His studio is based in Moss Vale New South Wales, Australia.
==Awards==
Ameneiro was the winner of the 2007 Fremantle Print Award. More recently Ameneiro was the winner of the 2022 Swan Hill Print & Drawing Acquisitive (Print Award) He has been twice selected as commissioned print-artist for the Print Council of Australia. He has also been a three-time finalist in the Dobell Prize in 2003 2006 and 2012.

==Collections==
His work is represented in select major private and corporate collections, as well as public and university museum collections nationally and internationally including the British Museum, National Museum Cardiff (Wales, U.K.) , National Gallery of Australia, Art Gallery of New South Wales, Queensland Art Gallery, State Library of Victoria and the Art Gallery of South Australia . Illustrated essays, articles and reviews on his work have been published in selected Australian newspapers and recognized art press including The Australian, Art Monthly Australia, Print Council of Australia's (PCA) quarterly journal IMPRINT Periphery and Artlink Magazine.

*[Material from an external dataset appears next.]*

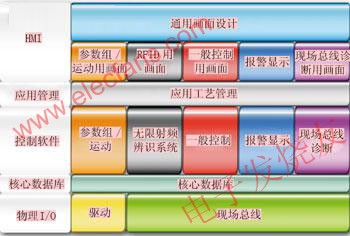 AAS軟件的套件結構 srfitnesspt.com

He was a regular artist in residence at the Art Vault Mildura, (now closed) along with other artists such as Geoffrey Ricardo Mike Parr and Rick Amor.
==Custom Printing==
His studio has editioned prints for various Australian artists including the 2011 Archibald Prize winning artist Ben Quilty and the 2011 Dobell Prize winner Anne Judell. The etchings made for Ben Quilty, by Ameneiro in 2017 and 2018 formed the exhibition "The Accident" shown at the Jan Murphy Gallery, Fortitude Valley, 19 Feb 2019–16 Mar 2019.. Amongst these etchings several have been acquired by the AGNSW including Liesa, Endone, Tenderness, The fall, Man cave, Chaos of men, Lloydy, Kenny, Eric, Last Supper. Also from the AGSA collection printed in 2011; Self portrait (as Cook...), and Self portrait (as Cook with sunglasses)

In 2000 Ameneiro was also in involved in editioning the lino-cuts prints as part of Ngukurr Prints for the University of Wollongong, in collaboration with Basil Hall and Sue Blanchfield. An exhibition of these prints formed part of the show at the University of Wollongong in 2002. A folio containing these works is held at the NGA.